(Saved data entries)
********************

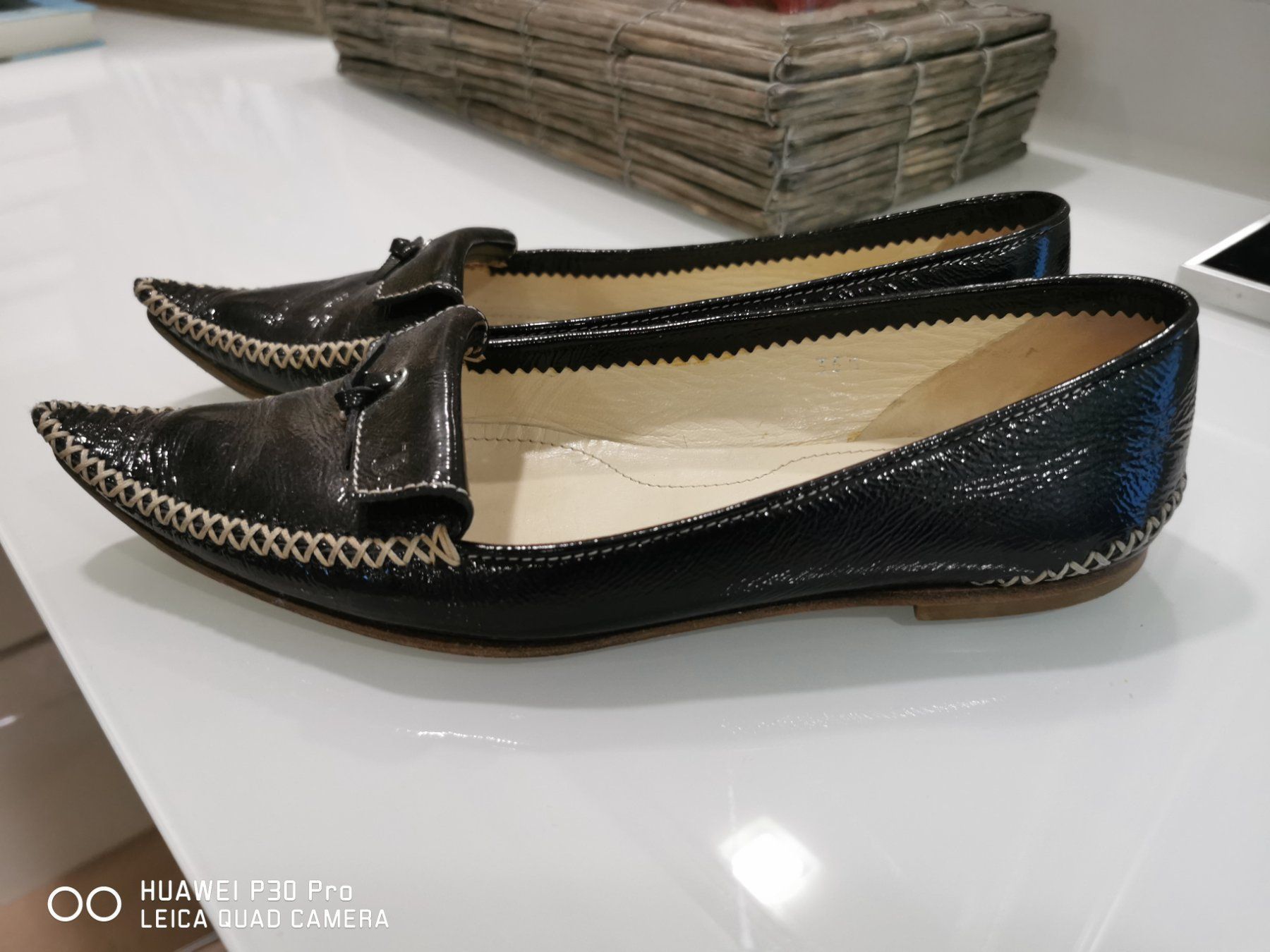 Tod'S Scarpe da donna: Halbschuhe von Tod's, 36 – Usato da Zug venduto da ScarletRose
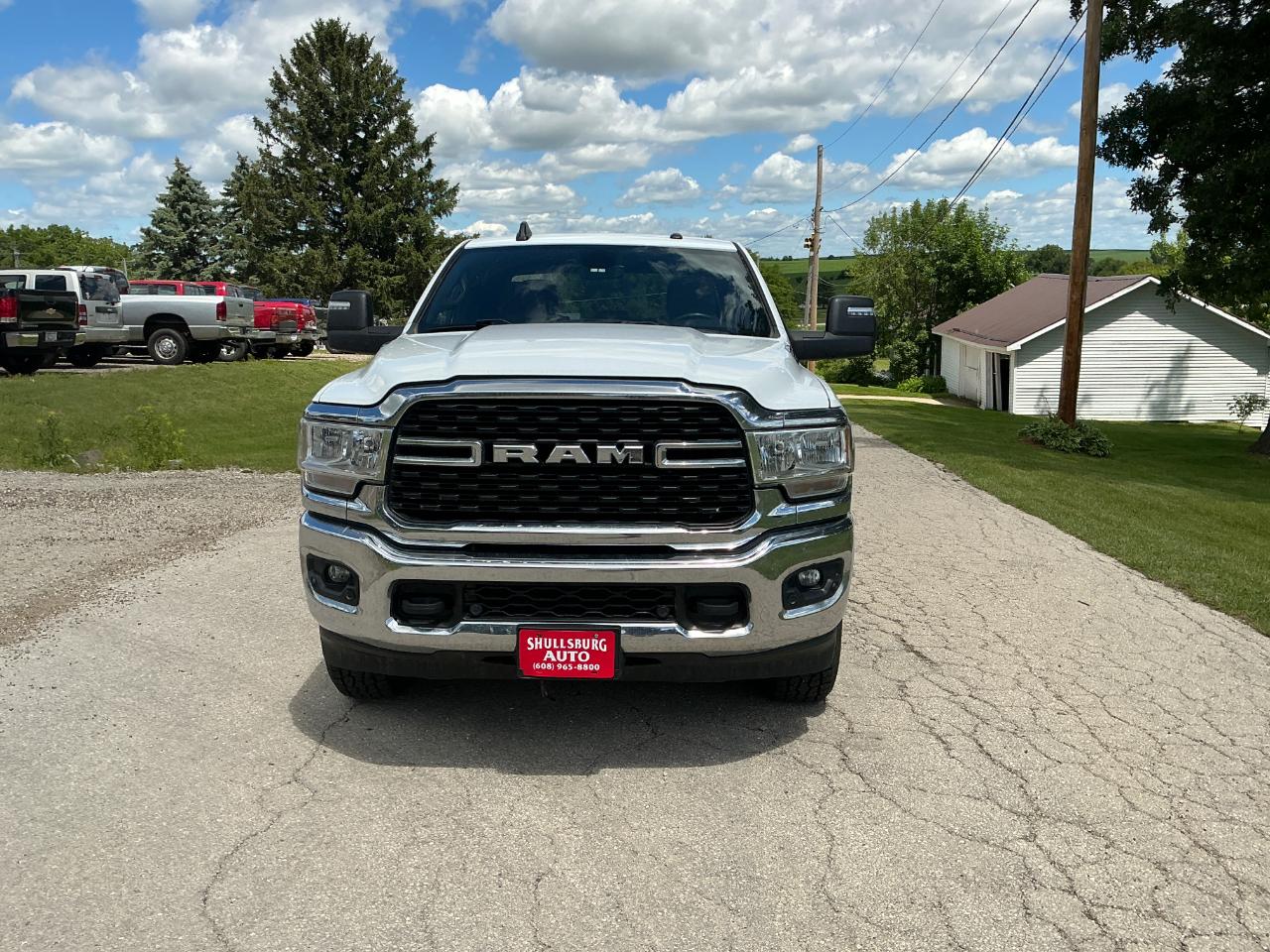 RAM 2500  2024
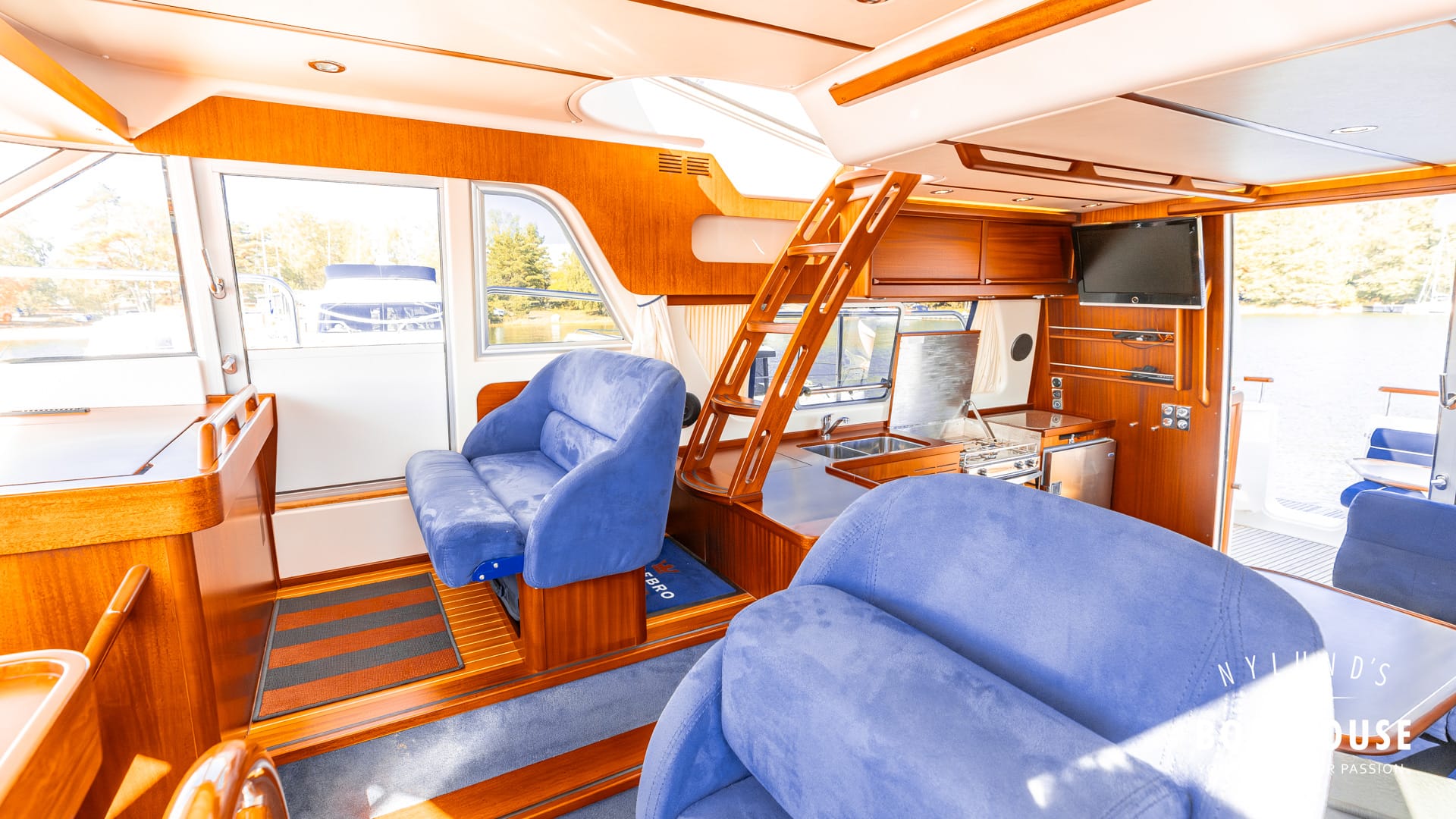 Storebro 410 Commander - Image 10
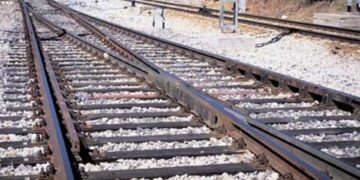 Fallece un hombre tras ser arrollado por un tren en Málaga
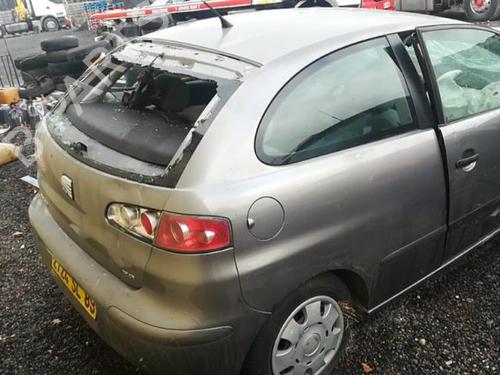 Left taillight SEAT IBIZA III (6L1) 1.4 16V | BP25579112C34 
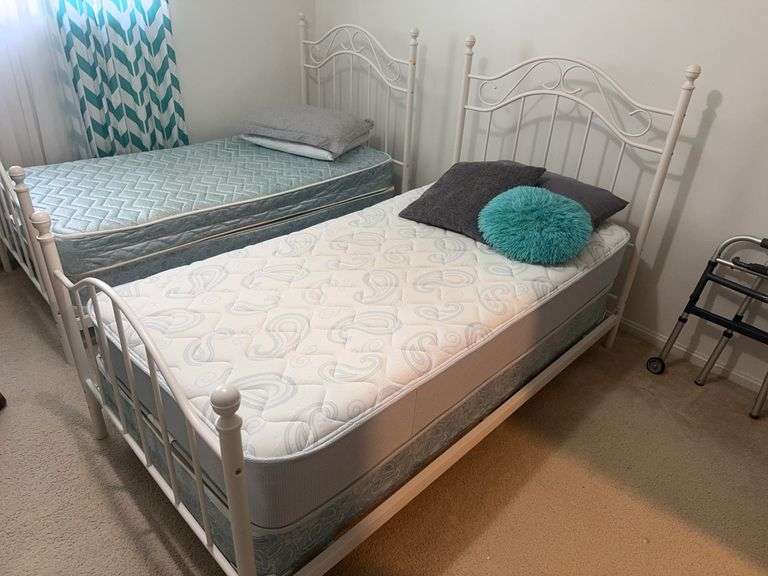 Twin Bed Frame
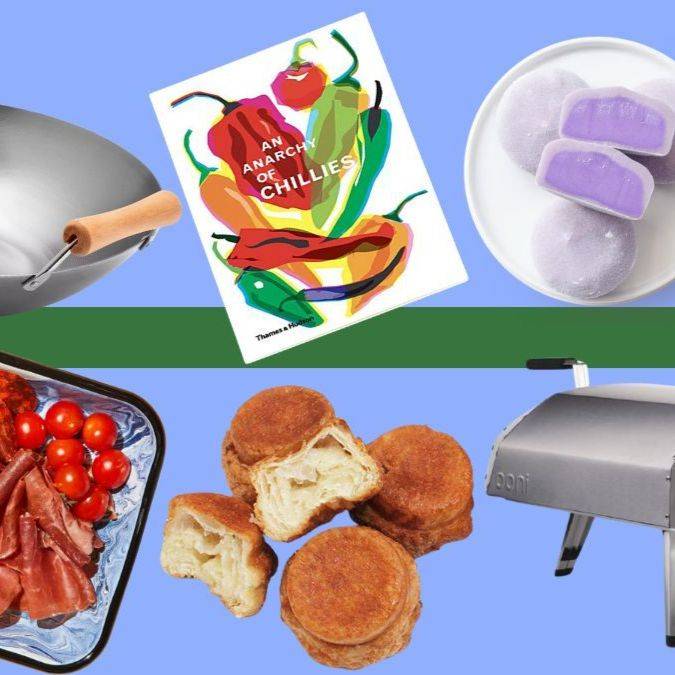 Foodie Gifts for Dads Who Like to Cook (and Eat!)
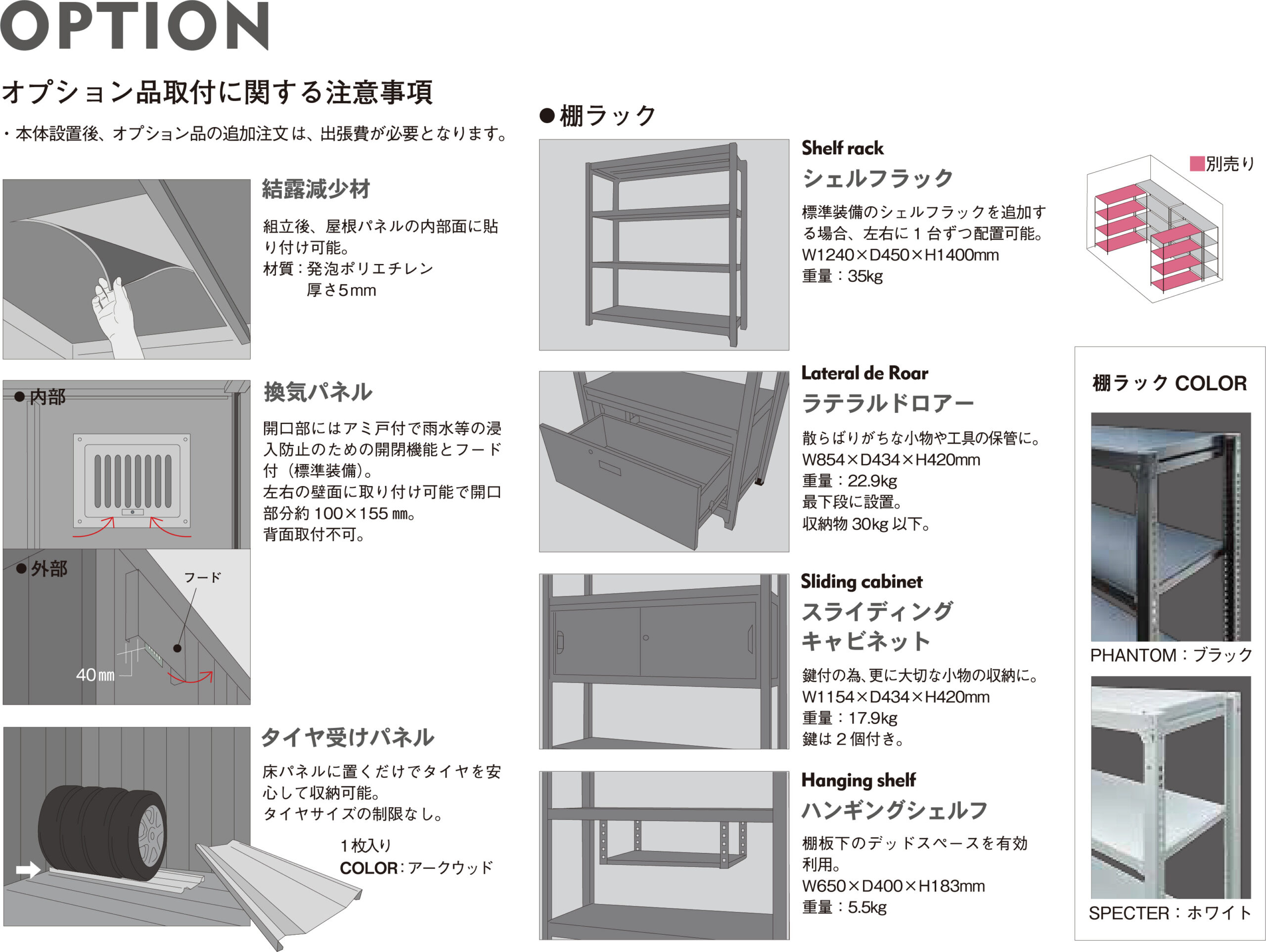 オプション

********************

* TASK PROMPT *
Leave the pictures out and return each entry exactly.

* SOLUTION TO THE EXERCISE *
 Tod'S Scarpe da donna: Halbschuhe von Tod's, 36 – Usato da Zug venduto da ScarletRose
 RAM 2500  2024
 Storebro 410 Commander - Image 10
 Fallece un hombre tras ser arrollado por un tren en Málaga
 Left taillight SEAT IBIZA III (6L1) 1.4 16V | BP25579112C34 
 Twin Bed Frame
 Foodie Gifts for Dads Who Like to Cook (and Eat!)
 オプション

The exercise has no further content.